- Born: 23 October 1964
- Died: 4 March 2021 (aged 56) Amsterdam-Zuidoost, Netherlands
- Cause of death: Gunshot wound
- Occupations: Bandit, football hooligan

= Martin van de Pol =

Dutch criminal (1964–2021)

Martin van de Pol nicknamed Polletje and Boeroe (23 August 1964 – 4 March 2021) was an AFC Ajax football hooligan frontman.

From 1997 he was imprisoned for three years for raping his ex-girlfriend and stabbing her new boyfriend. After being released he killed four men by opening fire in a sex club in adult club Esther in Haarlem in 2000, including members of the Hells Angels. Polletje was initially sentenced to life for his role in the murders, but on appeal it was reduced to 15 years. He was also an Ajax football hooligan, having big influence in the club. He was visited in prison by then-Ajax chairman Michael van Praag, who gave him a shirt of player Richard Witschge. Polletje wais said knew who had killed Ajaxhooligan Carlo Picornie during the Battle of Beverwijk in 1997 and Polletje wanted to take revenge, van Praag prevented this.

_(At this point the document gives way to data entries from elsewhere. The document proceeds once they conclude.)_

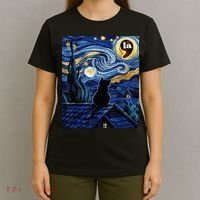 Halloween Starry Night Black Cat Comma La Kamala Harris T-Shirt thumb 4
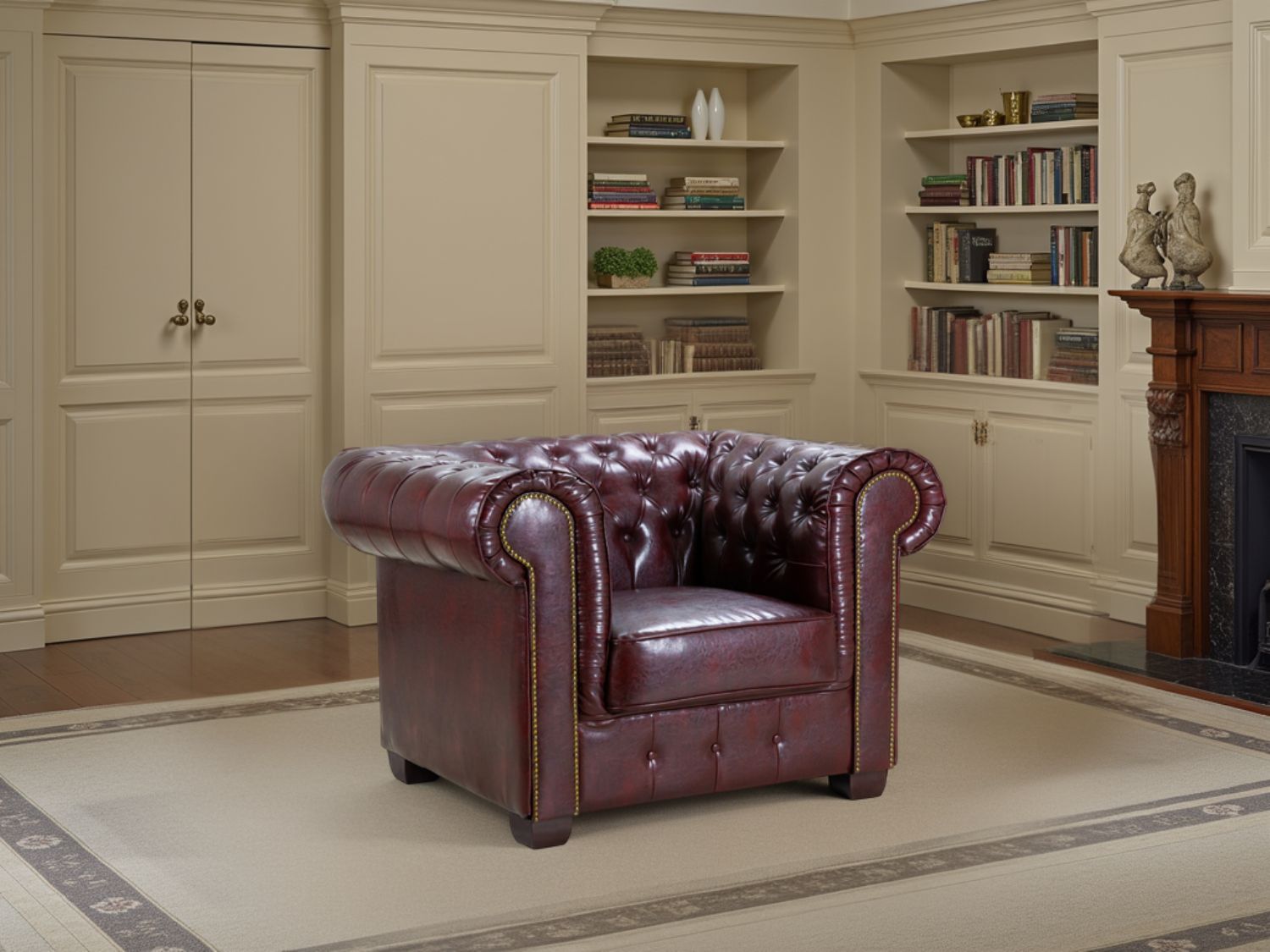 Chesterfield Sofa Oxblood Red Armchair
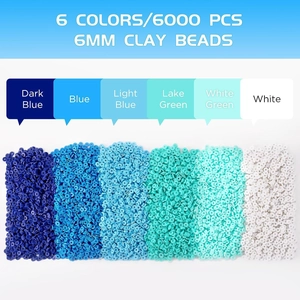 Macro display of 6000 pieces 6mm clay beads in six gradient blue and white colors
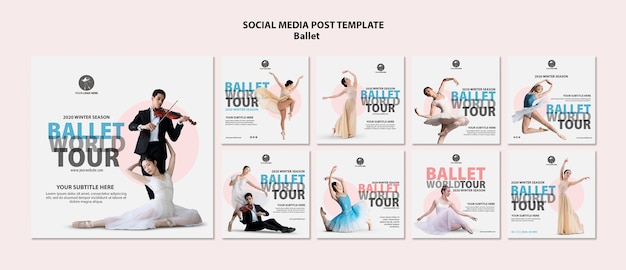 Verzameling van Instagram-berichten voor balletvoorstellingen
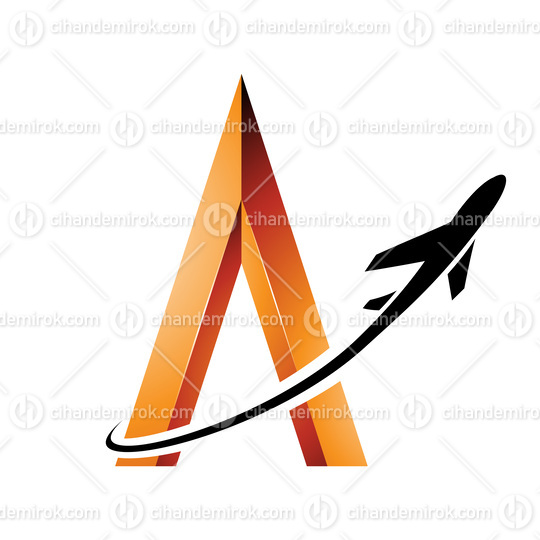 Black Airplane Flying Around an Orange Embossed Letter A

Upon release in 2010 Van de Pol became a security guard at the Ajax fan club and an influential leader of the group of Ajax hooligans. He was linked with a drug-smuggling incident involving a bus of Ajax fans travelling to Dortmund, Germany, in September 2012. The next day he was arrested in Dortmund with some others. Later in 2012 he was standing close to Martin Hilligers, a notorious rapist and convicted murderer, when they were attacked by men wearing balaclavas in Badhoevedorp. Both of them survived the attack, but Martin Hilligers' brother, Remco Hilligers, died after being shot by one of the attackers. A few months later he was filmed during football riots in Milan.

Van de Pol was shot and killed in Amsterdam-Zuidoost on 4 March 2021, aged 56, while he was picking up his 7-year-old daughter from school. When they arrived at his ex-wife's house, a man was waiting for him in the porch and shot Martin in the head. The suspect then ran away, and Martin died shortly after in presence of the police who responded to the scene.